Sty Head Tarn
1900
watercolor
From the collection of Victoria and Albert Museum
1900
watercolor
From the collection of Victoria and Albert Museum
Sty Head Tarn is a 1900 watercolor by Beatrix Potter, a Impressionism work, held at Victoria and Albert Museum.
Beatrix Potter painted a quiet landscape of Sty Head Tarn in the Lake District.
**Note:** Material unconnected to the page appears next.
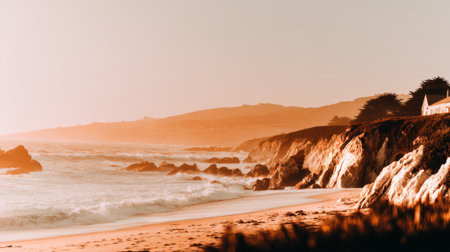 A tranquil seascape view of a beautiful sandy beach and rocky cliffs bathed in the warm, soft light of a setting sun. Gentle waves roll onto the shore.の素材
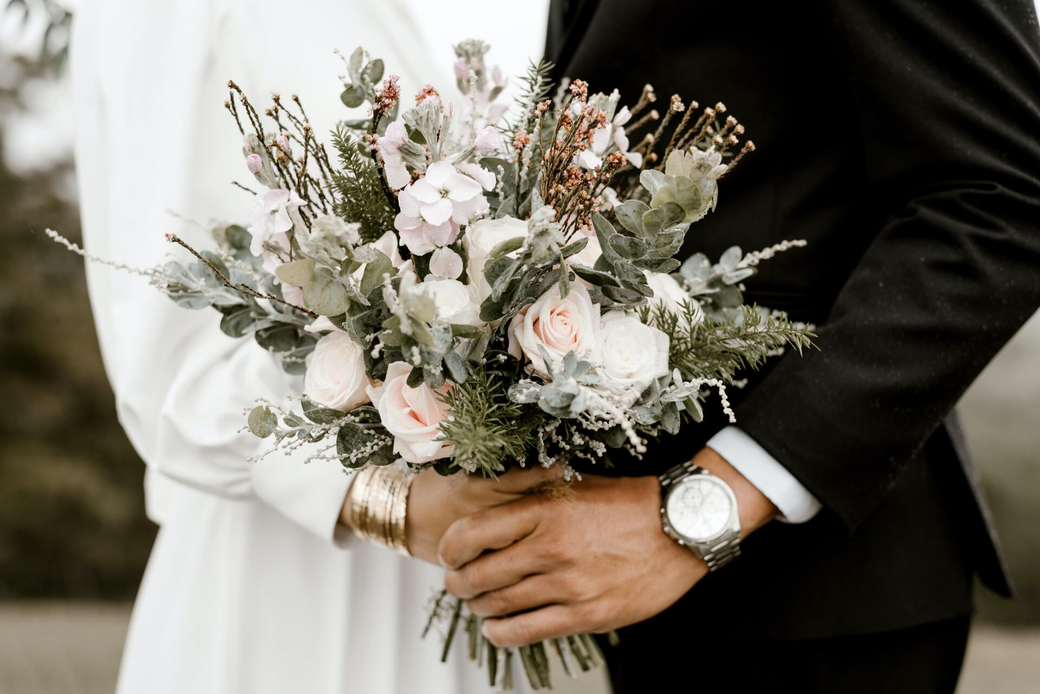 Couple holding a bouquet of light pink and green flowers, wearing wedding attire.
She used watercolour and pencil around 1900. It’s a copy of an earlier work she saw at the museum. Potter spent years in London before moving to the countryside. She traced Constable’s version from 1820s and redrew it herself. This piece shows her love for the Lake District’s wild beauty. Look up the Victoria and Albert Museum next.
A watercolour and pencil work in landscape format depicts Styhead Tarn in Borrowdale, framed by three prominent peaks—Great End, Scafell Pike, and Lingmell—with a solitary figure positioned in the lower left corner. Executed in a subdued palette of browns, purples, blues, and greens, the piece was created around 1900 as a copy of John Constable’s earlier 1806 sketch held in the Victoria and Albert Museum’s collection. The drawing was later acquired by the museum in 1973 as part of the Linder Bequest, which includes a wide range of Potter-related materials.
Read the full account in the museum source.
Helen Beatrix Heelis (née Potter; 28 July 1866 – 22 December 1943), usually known as Beatrix Potter ( BEE-ə-triks), was an English writer, illustrator, natural scientist, and conservationist.